TASK TO CARRY OUT:
After locating "STV270N4F3 datasheet.datasheet_page 5" in the listing below, copy that line and each one after it exactly, ending with the line that has "Plot of navplot.png".
[SOURCE INFORMATION Boundary: Start]
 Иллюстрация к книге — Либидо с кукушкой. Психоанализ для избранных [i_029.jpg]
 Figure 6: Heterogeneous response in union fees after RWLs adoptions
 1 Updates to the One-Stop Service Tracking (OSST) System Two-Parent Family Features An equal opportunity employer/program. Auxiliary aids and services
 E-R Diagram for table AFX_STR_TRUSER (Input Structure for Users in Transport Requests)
[SOURCE INFORMATION Boundary: End]
[SOURCE INFORMATION Boundary: Start]
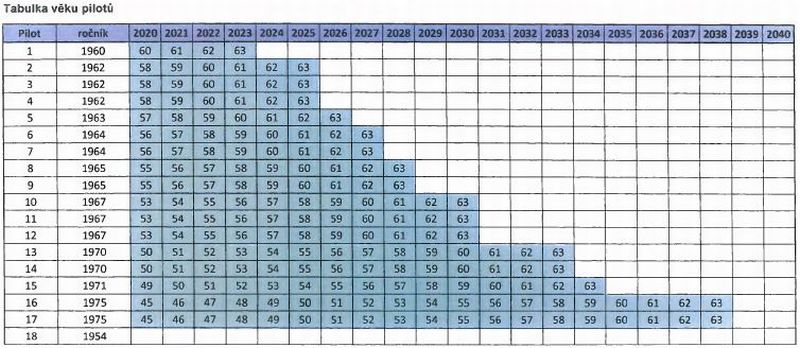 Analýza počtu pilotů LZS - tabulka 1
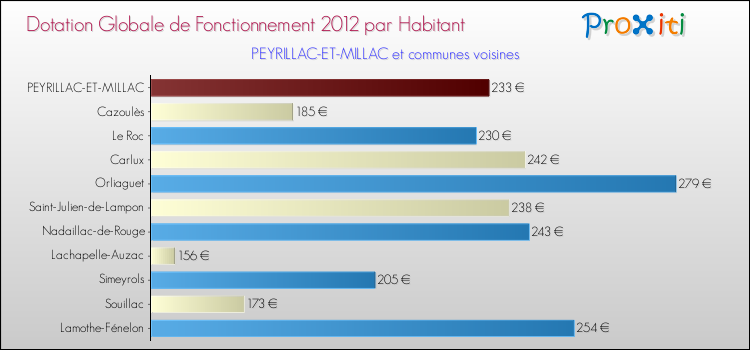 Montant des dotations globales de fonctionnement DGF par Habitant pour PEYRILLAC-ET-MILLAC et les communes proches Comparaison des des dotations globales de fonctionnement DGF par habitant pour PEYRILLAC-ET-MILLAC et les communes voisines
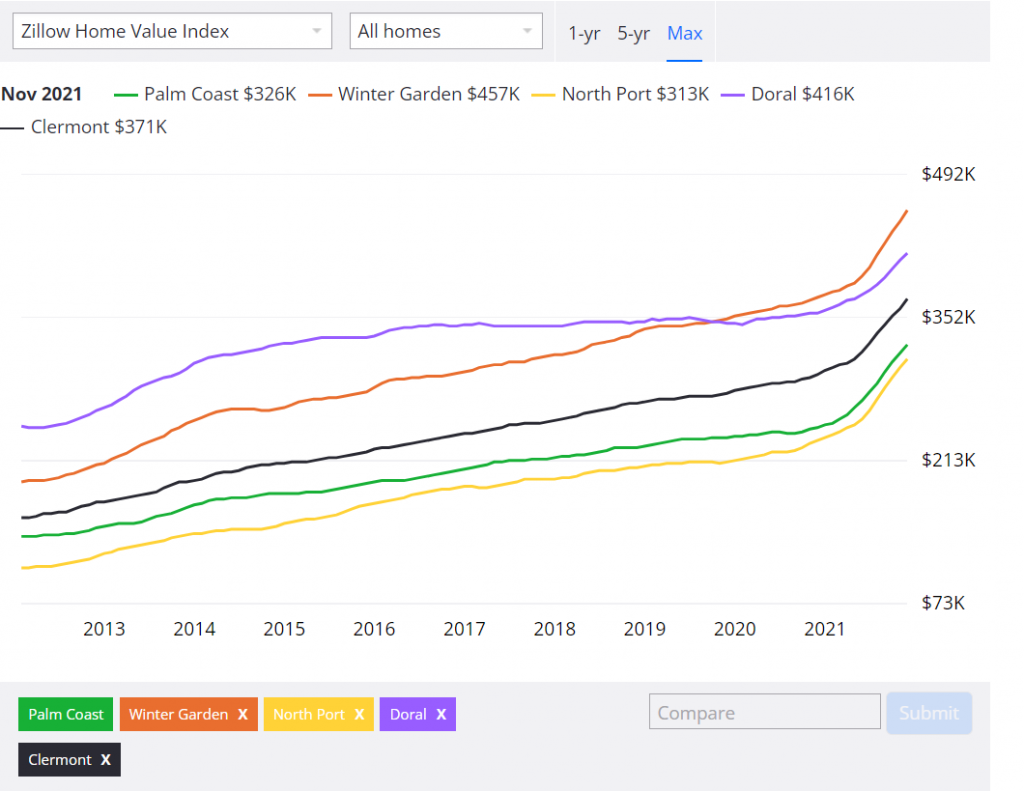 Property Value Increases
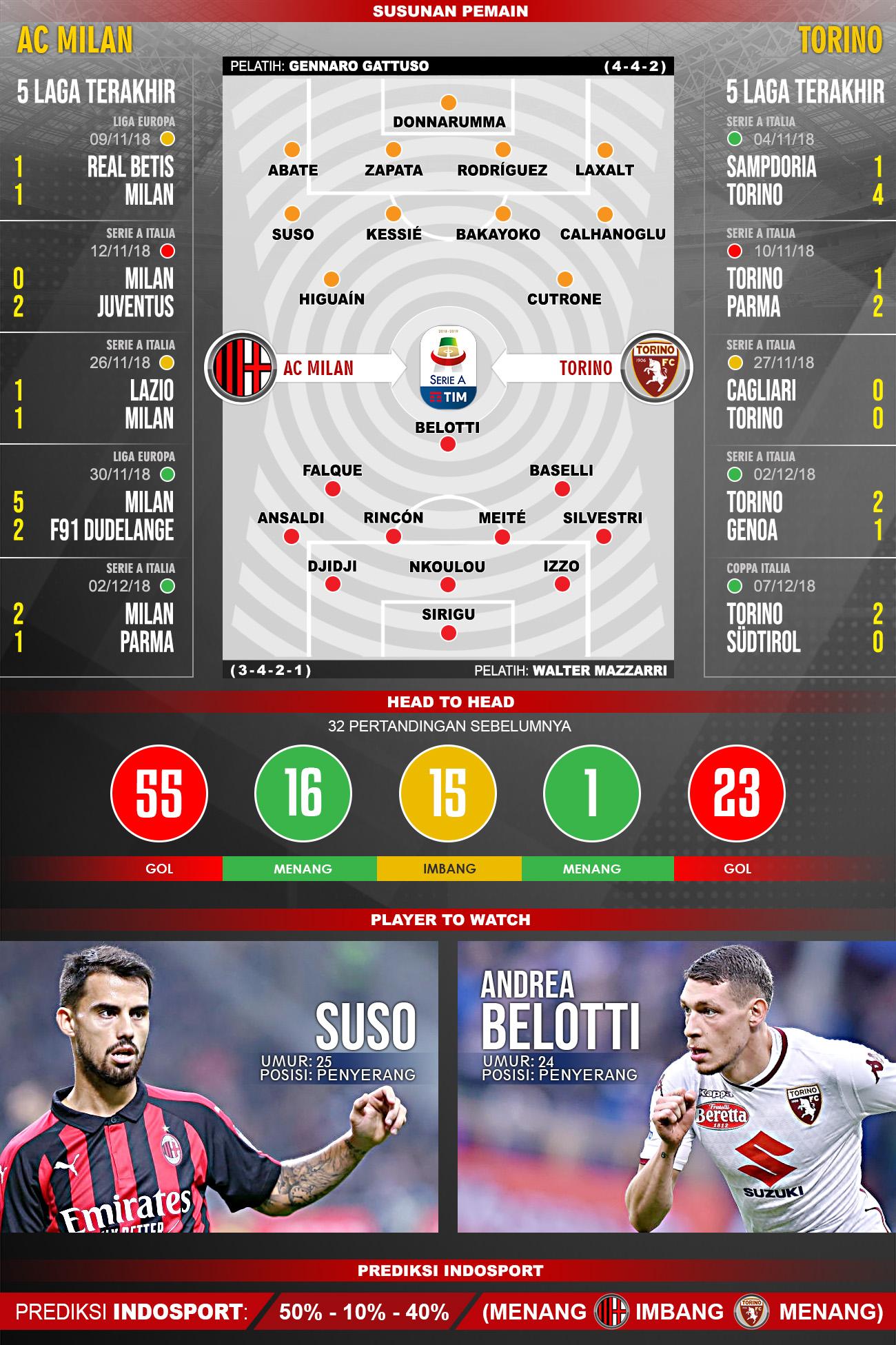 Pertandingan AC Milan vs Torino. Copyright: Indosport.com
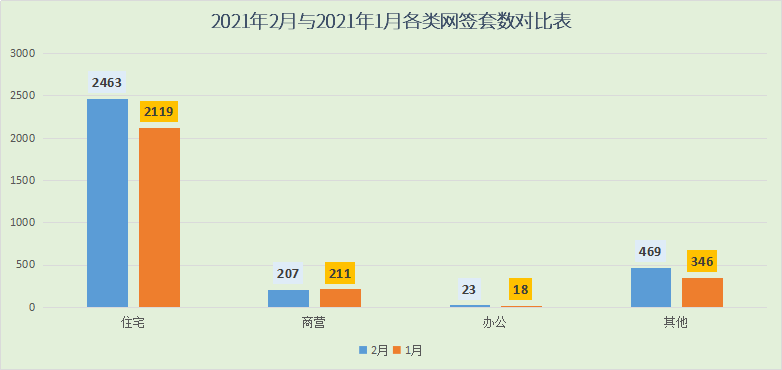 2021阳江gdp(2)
[SOURCE INFORMATION Boundary: End]
[SOURCE INFORMATION Boundary: Start]
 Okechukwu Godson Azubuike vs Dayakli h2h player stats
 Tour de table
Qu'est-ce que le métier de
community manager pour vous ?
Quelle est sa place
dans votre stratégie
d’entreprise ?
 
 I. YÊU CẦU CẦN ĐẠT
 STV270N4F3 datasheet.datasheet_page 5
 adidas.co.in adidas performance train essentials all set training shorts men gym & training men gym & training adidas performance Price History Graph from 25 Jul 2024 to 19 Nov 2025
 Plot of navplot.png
[SOURCE INFORMATION Boundary: End]
FINISHED EXERCISE:
 STV270N4F3 datasheet.datasheet_page 5
 adidas.co.in adidas performance train essentials all set training shorts men gym & training men gym & training adidas performance Price History Graph from 25 Jul 2024 to 19 Nov 2025
 Plot of navplot.png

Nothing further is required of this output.